Director of Photography Yuri Neyman joined forces with Vinegar Syndrome to make the film’s vibrant colors pop once again. As 20-something model Margaret (Anne Carlisle, who co-wrote the film) strikes back against the abuse hurled at her by the downtown fashion scene of early 1980s New York City, she moves through sets punctuated by splashes of deep fuchsia, vivid lime green, and stunning sky blue. Scenes at the new wave nightclub where Margaret participates in avant-garde fashion shows and her girlfriend Adrian (Paula E. Sheppard, who is hands-down the best part of the film) exhibits her bizarre performance art also stun like never before, with bright flashes of neon piercing darkness in syncopated explosions of warm color. As someone who has only seen the film in deteriorating 35mm prints, I can honestly say that the newfound crispness of the restoration’s visuals makes Liquid Sky feel like another movie.

Just as the duplicate negative was a boon to the restoration’s visuals, Liquid Sky’s distinctive electronic soundtrack — composed on a Fairlight CMI digital synthesizer by Tsukerman in collaboration with Brenda Hutchinson and Clive Smith — likewise received a boost from the director’s fastidious archive-keeping. Tsukerman had the soundtrack’s magnetic tracks, which offered more range and depth than the typically used optical track negative.

Any apparent novelties in the restoration’s visuals or sound are meant to hew more closely to the images of Liquid Sky’s initial release. However, due to transfer errors in the home video releases that helped filmgoers fall in love with their favorite films, fans can sometimes perceive a restoration’s fidelity as error.

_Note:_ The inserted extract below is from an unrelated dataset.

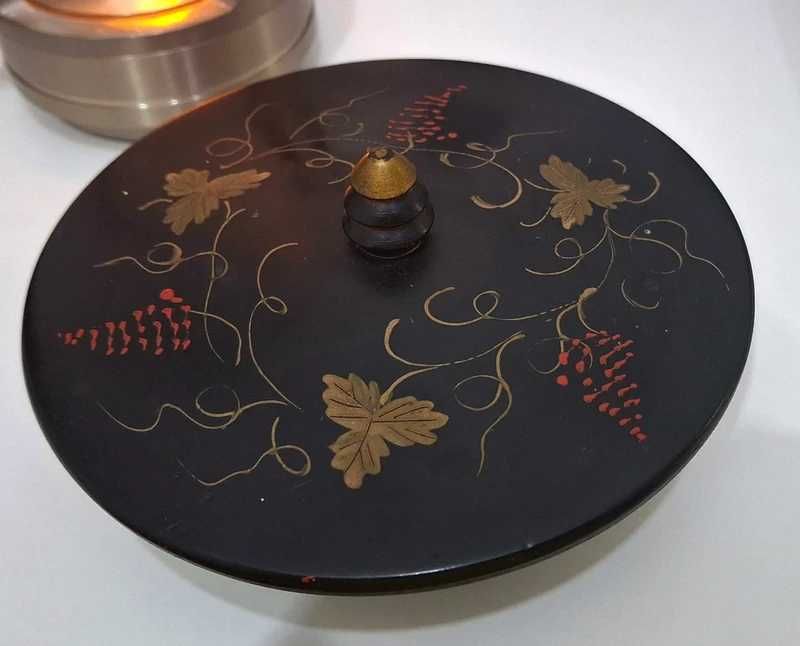 Cutie de bijuterii din lemn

“What people have seen isn’t actually the way [a film] was always supposed to be seen and heard,” Rubin said. “In the same way there are going to be people who will complain about the changes that could be inflicted on a film if it’s not restored properly, there are also people who are going to look back at the inferior quality versions that they’re familiar with and say, ‘Well this is what I’m accustomed to. Why does it not look that way anymore?’”

Despite the possibility of a few rabid fans pining for the idiosyncrasies of their first viewings, Liquid Sky is finally poised to receive wider recognition for its notable impact on American visual culture with image and sound fully restored to the majesty that audiences experienced in 1982. Make-up artist Marcel Fiévé’s design for Margaret’s look and the colorful, angular costumes created by Marina Levikova-Neyman are cited as a sartorial influence on contemporary pop-stars like Karen O, Kesha, Lady Gaga, and Sia. As the film circulates among a new generation of cinephiles, Liquid Sky’s circle of visual influence has the potential to expand, bolstered by the fact that audiences will get their first clear look at the film in over 30 years.